(Captioned web image data)
________

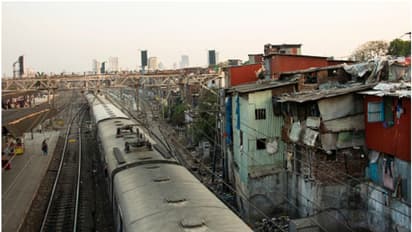 റെയിൽവെ ഭൂമിയിലെ ചേരികൾ ഒഴിപ്പിക്കാം; പക്ഷേ സാമ്പത്തിക സഹായം നൽകണം: സുപ്രീംകോടതി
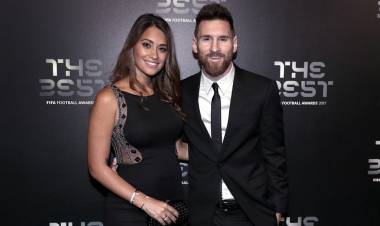 Piden la detención de un periodista por "discriminación de género" hacia la mujer de Messi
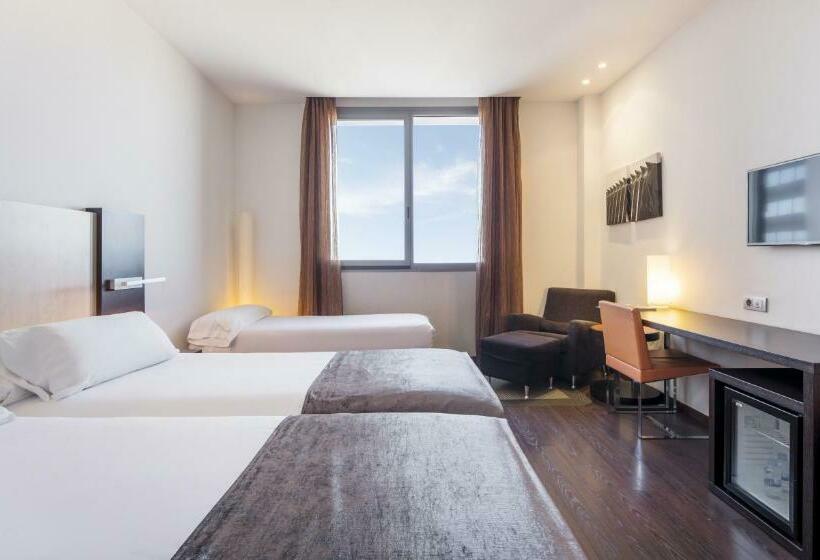 غرفة قياسية ثلاثية, Ilunion Aqua 4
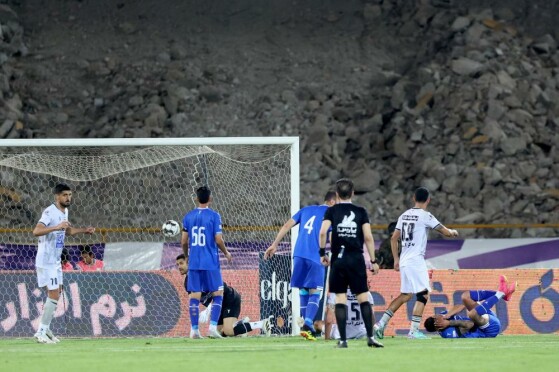 دیدار تیم های فوتبال استقلال و آلومینیوم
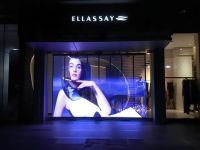 Transparenter LED-Bildschirm für Innenräume Energiesparend P3.9-7.8 Vollfarbig HD Leichtgewichtiges Aluminium-Glasfenster-Panel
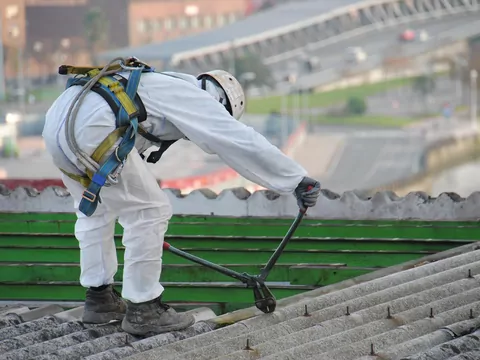 Ilustracja dla demontaż eternitu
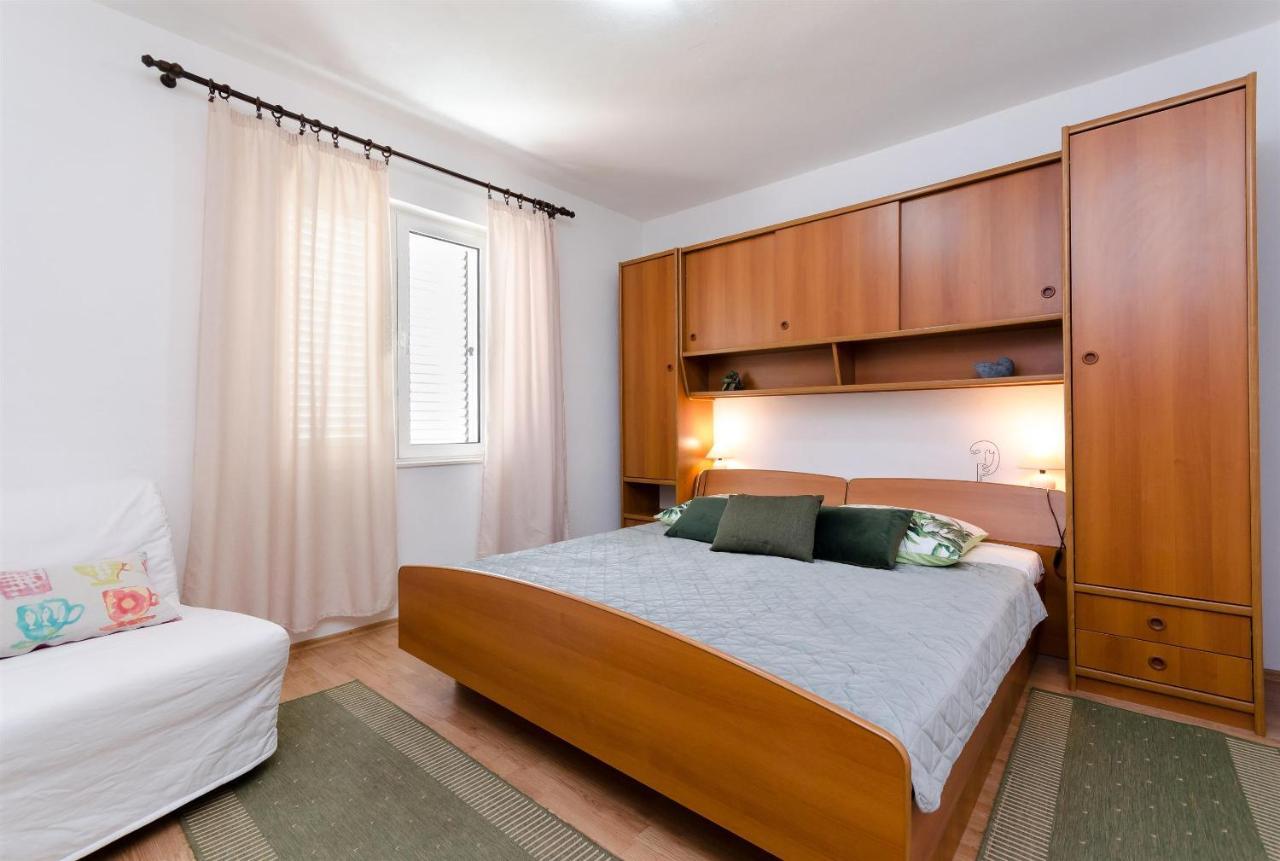 Apartments Marotin Palit Екстер'єр фото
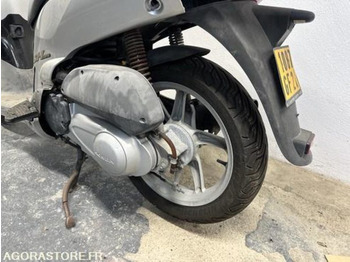 Motocykl SCOOTER HONDA SH125 - 2001 - 24167KM - 1087GF2A: obrázek 5
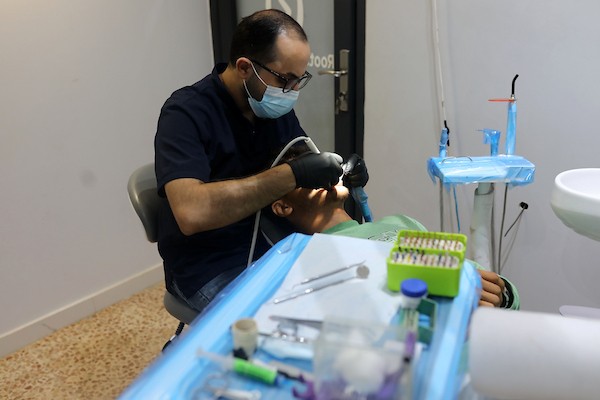 طبيب أسنان فلسطيني يواصل عمله داخل عيادته في مدينة غزة، 14 سبتمبر/أيلول 2026. تصوير: محمد صالحة.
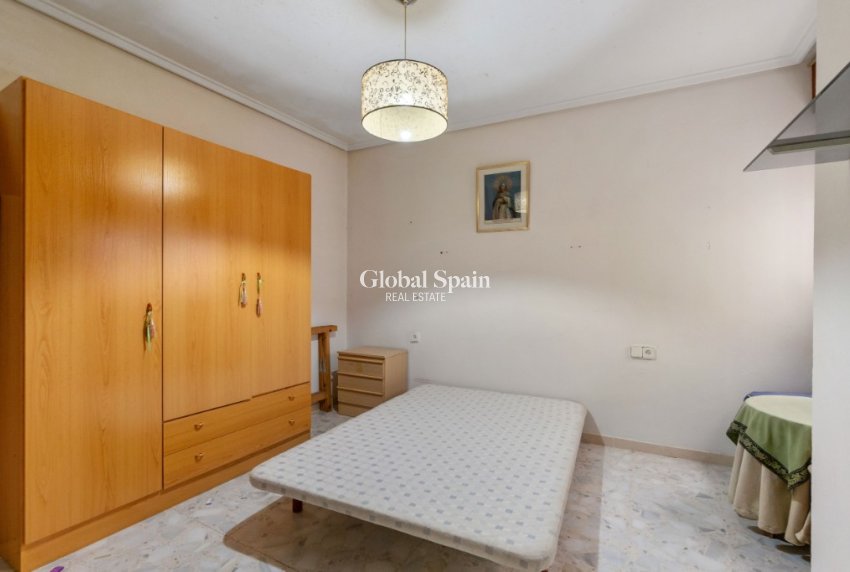 Resale - Apartment -
TORREVIEJA - Torrevieja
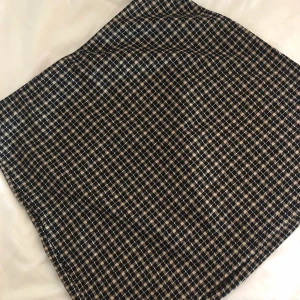 Rutig kjol - Rutig kjol från hm, stretchig och bra👍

________

EXERCISE PROMPT:
Respond with the exact lines above running from the one containing "دیدار تیم های فوتبال استقلال و آلومینیوم" to the one containing "Motocykl SCOOTER HONDA", both ends kept and no pictures included.

SOLVED PROBLEM:
 دیدار تیم های فوتبال استقلال و آلومینیوم
 Transparenter LED-Bildschirm für Innenräume Energiesparend P3.9-7.8 Vollfarbig HD Leichtgewichtiges Aluminium-Glasfenster-Panel
 Ilustracja dla demontaż eternitu
 Apartments Marotin Palit Екстер'єр фото
 Motocykl SCOOTER HONDA SH125 - 2001 - 24167KM - 1087GF2A: obrázek 5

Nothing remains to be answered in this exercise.